I have no deeper understanding on how PunkBuster and such softwar works, but this is the way I'd go:
Iintercept calls to the API functions that handle the memory stuff like ReadProcessMemory, WriteProcessMemory and so on.
You'd detect if your process is involved in the call, log it, and trampoline the call back to the original function.
This should work for the screenshot taking too, but you might want to intercept the BitBlt function.
Here's a basic tutorial concerning the function interception:
Intercepting System API Calls
You should look into what goes into Punkbuster, Valve Anti-Cheat, and some other anti-cheat stuff for some pointers.
Edit: What I mean is, look into how they do it; how they detect that stuff.

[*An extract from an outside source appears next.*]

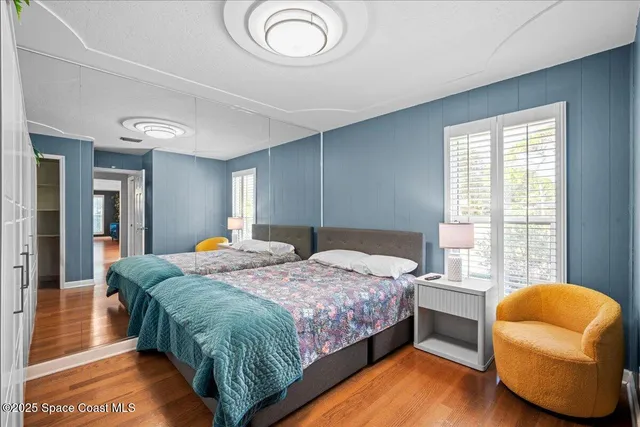 a bathroom with a granite countertop sink toilet a mirror a vanity and shower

I don't know the technical details, but Intenet Chess Club's BlitzIn program seems to have integrated program switching detection. That's of course for detecting people running a chess engine on the side and not directly applicable to your case, but you may be able to extrapolate the apporach to something like if process X takes more than Z% CPU time the next Y cycles, it's probably a bot running.
That in addition to a "you must not run anything else while playing the game to be eligible for prizes" as part of the contest rules might work.
Also, a draconian "we might decide in any time for any reason that you have been using a bot and disqualify you" rule also helps with the heuristic approach above (used in prized ICC chess tournaments).
All these questions are easily solved by the rule 1 above:
* how to detect if another application makes periodical screenshots?
* how to detect if another application scans our process memory?
* what are good ways to determine whether user input (mouse movement, keyboard input) is human-generated and not automated?
* is it possible to detect if another application requests informations about controls in our application (position of controls etc)?
I think a good way to make harder the problem to the crackers is to have the only authoritative copies of the game state in your servers, only sending to and receiving updates from the clients, that way you can embed in the communication protocol itself client validation (that it hasn't been cracked and thus the detection rules are still in place). That, and actively monitoring for new weird behavior found might get you close to where you want to be.